FAO efforts REDD and REDD+
What is REDD and REDD+?
REDD stands for Reducing Emissions from Deforestation and Forest Degradation in Developing Countries and is a United Nations Collaborative Programme. It was lunched in 2008 and is a collaboration between the UN Food and Agriculture Organization (FAO), the UN Development Programme (UNDP) and UN Environment Programme (UNEP). The overall goal is to reduces forest emission and build carbon stock while helping national sustainable development. REDD+ are the actions or processes taken under the UN-REDD Programme. 
The Lao PDR government has taken steps through laws, regulations and international programs to try to stop or control illegal logging. All the framework seems to be in place, so why is illegal logging thriving as ever? A government that has “total” control over all of the country's systems and resources is not able or willing to act on the matter, how can that be? The answer can be sought in the high levels of official corruption and the low levels of governance.
There are many actions that can be taken to fight illegal logging in Lao PDR but are any of them going to be a success if the country does not take measures to fight corruption? At the moment it seams that the government is a part of the problem or reluctant to take any action.
Here are some actions the government could initiate:
Forest inventory. What measures are the best options for Lao PDR government to map the lands and forests and keep a reliable inventory? Reliable forest inventory is essential to forest management and decision making. (Kamusoko et al., 2011) 
Incentives to Customs officials. Is it possible to give out incentives to Customs officials as a way to stamp down on corruption? 
Invest in local timber productions.
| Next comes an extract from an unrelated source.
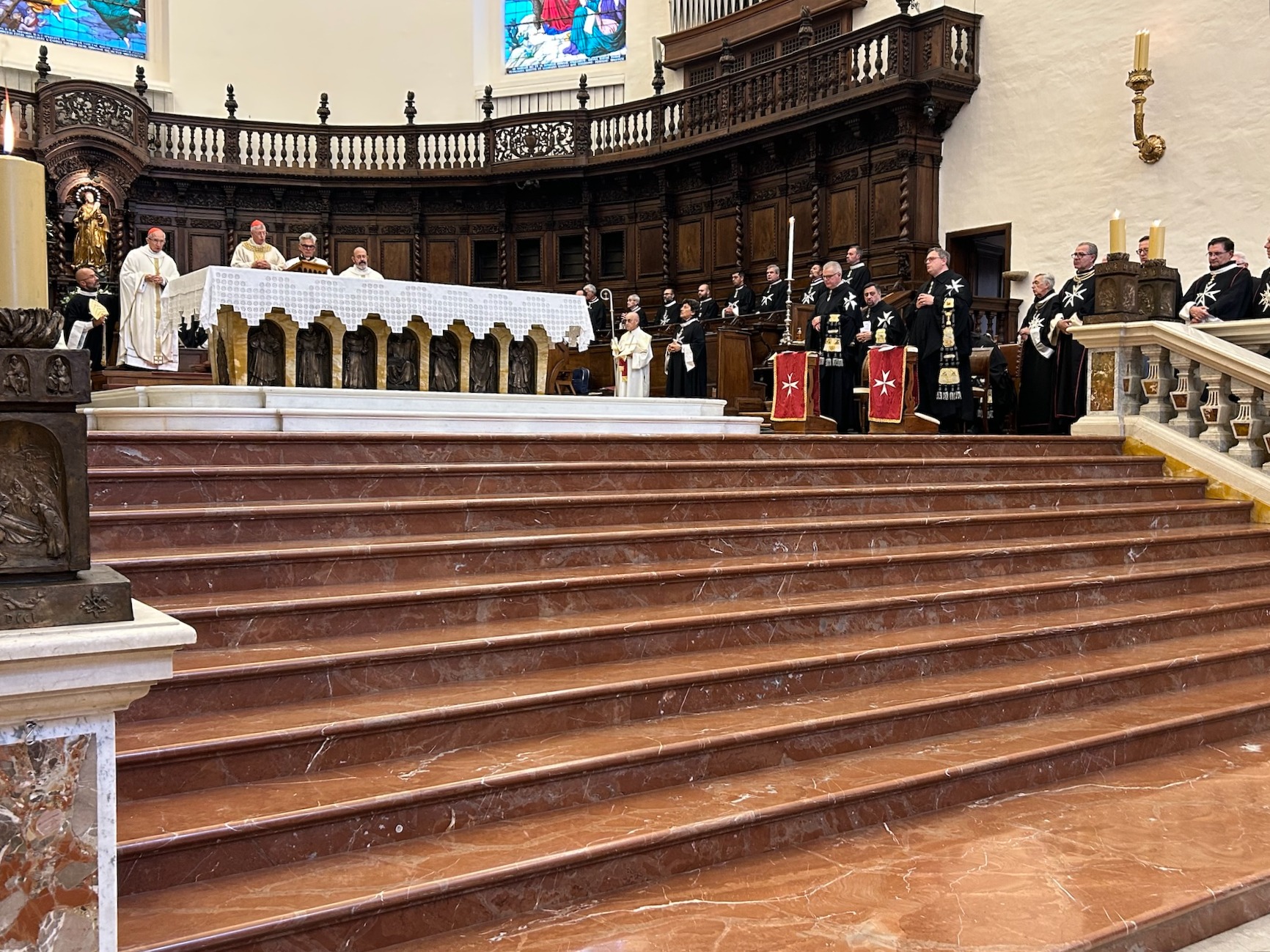 The Order of Malta’s traditional pilgrimage to Our Lady of Philermos in Assisi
Is it possible to invest in innovation to promote local enterprise or give tax credits to local companies who invest in advanced wood processing equipment? 
Negotiating with the Vietnam Government about Customs and border controls. Because of the illegal timber transport from Lao PDR to Vietnam both governments could collaborate to control the situation?
International and government initiative appraising plan. It is very important to appraise the success of the ongoing initiatives like EU FLEGT, VPA’s and REDD+ with the percentage of grant to local communities as a key factor in the success rate. Another factor to look at could be the scale of resentment towards foreign interference in local affairs and its part in successfully implementing these initiatives. What are the obligations of the actors involved combating illegal logging? (Qian, Xu, Yang, & Nie, 2016)  Can Lao PDR sustain economic growth, reduce poverty and deforestation and battle illegal logging all at once? (Nambiar AO, 2015)  (Mustalahti, Cramm, Ramcilovic-Suominen, & Tegegne, 2017) 
Improved knowledge and education about the environment is essential to accomplish change. This does not necessary apply to the rural poor or indigenous people but much more to policy makers, officials and judges with in the government because that is were the change needs to happen. How could this be implemented?
Ownership rights to indigenous people and local communities in the rural areas. What policies are the best way to empower people who live in or close by forests in decision making? (Smith et al., 2017) 
Poverty alleviation programs are very important thing to fight deforestation. What are the best ways to really fight poverty in Lao PDR?